Barnes specifically asked for Saturdays and Mondays off -- he organizes a Saturday game with fellow pros at his club, and the West Florida Golf Tour hosts events on Mondays (after a hiatus, the WFGT resumed this week). So Barnes starts his workweek at 4 a.m. Sunday, and then works Tuesday through Friday at the store.
Publix, he said, made it mandatory that its employees wear masks. There are no handshakes and no handing objects to a customer. He can help them from a distance, though, if someone has a question.
“It’s annoying to wear a mask for eight straight hours, but you understand that although you’re in an environment where most people aren’t sick, they could bring (COVID-19) to the store,” he explained.
Now that the Korn Ferry Tour has announced its proposed restart date – and Barnes has stayed healthy through the duration of his six-week stint at the store – he has already had a conversation with his manager about resigning.
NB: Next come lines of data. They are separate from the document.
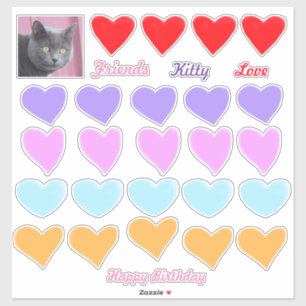 Stickers Coeur d'anniversaire amusant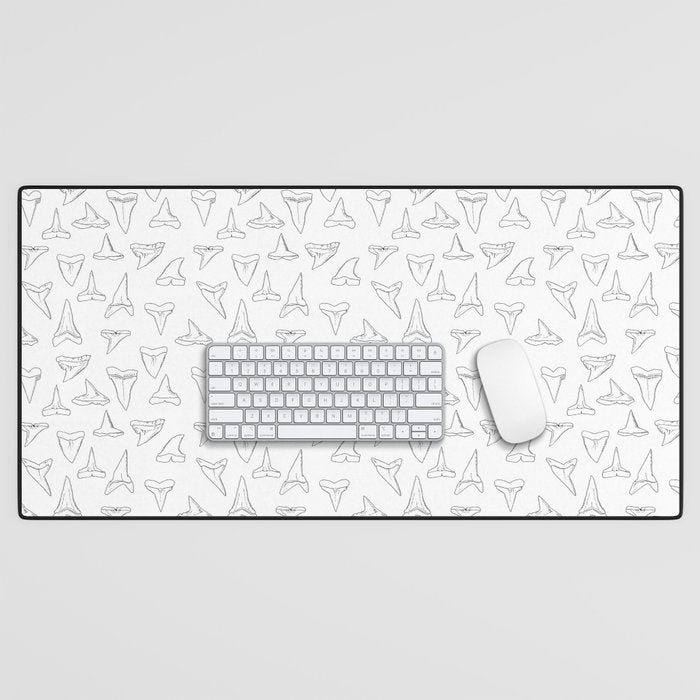 SHARK TEETH PATTERN-white Desk Mat Gallery Image 1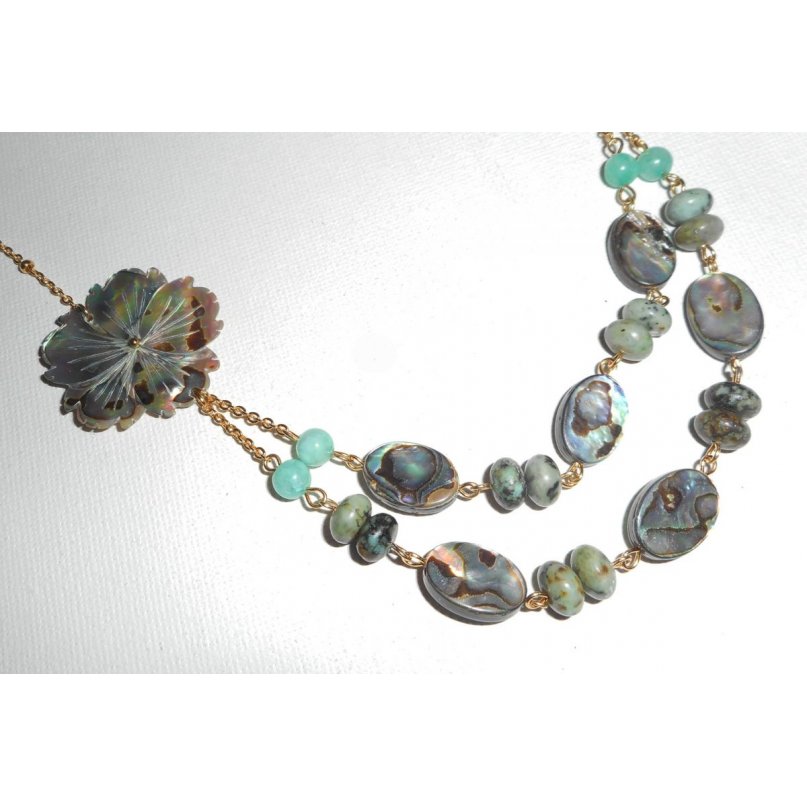 Ketting bezet met groene jaspis stenen met bloemen en dubbele rij abalone pucks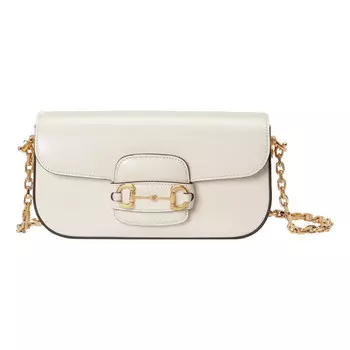 Сумка horsebit 1955 small shoulder bag 'white' Gucci, белый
The management, Barnes said, was very helpful with his odd request. His last day will be on May 15 unless the resumption of Korn Ferry Tour competition is delayed further.
If the start date of the 2020 season does get pushed, Barnes said the team understands his situation and wants to keep him employed.
The biggest thing Barnes has learned over the last month-and-a-half, he said with a laugh, is that he’s definitely not lazy. But he also knows that he really wants to get back to playing professional golf.
“Going in every day at 4 a.m. wouldn’t be so bad if this was my only job and I didn’t feel the obligation to go practice for three or four hours,” he said, making a point to state how amazing his wife has been with the kids at home while he shifts from grocery to golf. “Every day that goes by, I’m that much more exhausted and not wanting to do it anymore.”
But, Barnes said, he knows he made the right decision.
“I’m just doing what’s right for my family. I think most people would do the same thing,” he said. “You have to do what’s best for your family.”